中露の情勢が危うくなっているから慌てているけど傍から見ればザマァとしか言いようがない。
ドイツはEUの経済を支えて欧州への難民も一手に引き受けて来たってのが免罪符
にもなってたが、今はもうそれも言えなくなって来ている
国防予算をケチり続け、民間委託に走ったり、場当たり的な対応で装備の稼働率を
下げ続けて戦力維持体制をグダグダにしてしまって、それを立て直すのが先進国と
言えどどれだけ大変かの見本市が今のドイツ国防軍って感じ。
もっとも、本来、自己完結的組織だった軍の業務をアウトソーシングで業務効率化と
コスト最適化を図る・・・な冷戦後の流行病みたいなこれやって失敗したのはドイツ
だけじゃないけどね
我が国でも政権交代時に普天間基地移設問題をひっくり返してくれた総理がいた事を思い出してドイツを笑えなかったよ…
EUはいずれフランスの核兵器を基盤として共有していく安全保障体制になりアメリカからの独立度合いを高めた方がいいと思っていたけれど、今の状況はそれを実行するチャンスでもあるのではと思った。

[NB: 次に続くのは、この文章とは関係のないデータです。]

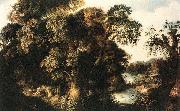 KEIRINCKX, Alexander Forest Scene - Oil on oak oil on canvas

フランスがドイツの核共有を実行できる戦術核を持っているかとか、運用できる攻撃機をドイツに融通できる余裕があるかとか、その辺はアメリカ頼りより更にもっと問題だらけだろうけれど。
メルケルの宿題か。
連立政権は辛いね。
中古のF-16c/dでもいれればー(投げやり)
スパホにこだわらずに、導入機種をF-15かF-16にすればよいだけでは。
メルケルの宿題だけどそのメルケルより核に厳しい政党が躍進したわけでね。
与党になって現実路線へ行くのかまたもめ続けるのか。F35再導入論もあり得るだろう。